An eighth grader (class of 2020) has verbally committed to Syracuse University to play women’s lacrosse. I have no creative or clever opening for this little opinion piece, but the fact that a thirteen or fourteen-year-old child is not only thinking about, but COMMITTING to, collegiate athletics is simply beyond my comprehension.

Let’s do some simple math…

For the sake of argument, I will say all eighth grade students are fourteen years old.
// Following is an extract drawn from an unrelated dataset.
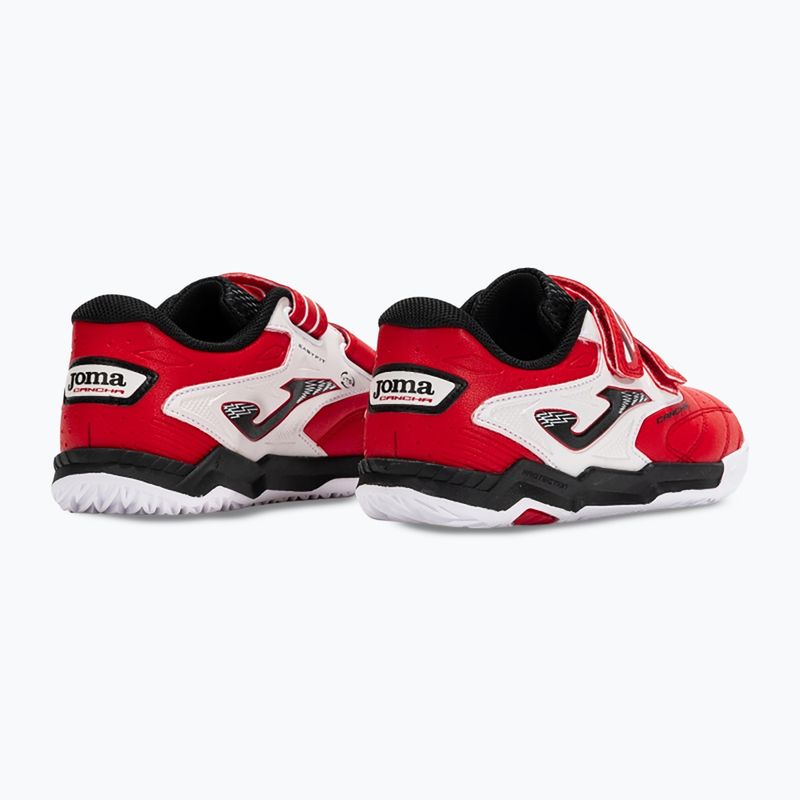 Scarpe da calcio per bambini Joma Cancha Jr IN rosso/bianco 10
Kindergarten was only eight years ago, and a college commitment that will play out five years from now, however non-contractual, is an agreement period that represents over 33% of the total time that the child has been alive on this planet.

While I still can’t fully commit to a Friday night date with my fictional girlfriend before Thursday, the fact that a 14 year old kid knows what they want FIVE YEARS FROM NOW simply amazes me.

Young Lacrosse Recruits – Are We Failing Our Children?

While eighth grade is ever slipping from my memory as it edges away further and further from the present, I would like to be able to say that I was definitely not concerned with which college lacrosse team I wanted to play for. I was focused on learning 2nd year Spanish, and awkwardly trying to figure out the best way to ask my fictional girlfriend to go see Attack of the Clones. (Yes, we’ve been on and off since eighth grade.)


From what I do remember of my eighth grade playing days out on the lacrosse field, I was more concerned with just playing as much as I could and getting onto the JV team. Funny enough, there was a kid a grade level below me, and I vividly remember hearing that his father had said that Mr. John Desko himself was looking at his seventh grade son to go to Syracuse. A few years later we would wind up sitting on opposing benches as the starters on both of our division three squads squared off in the snow.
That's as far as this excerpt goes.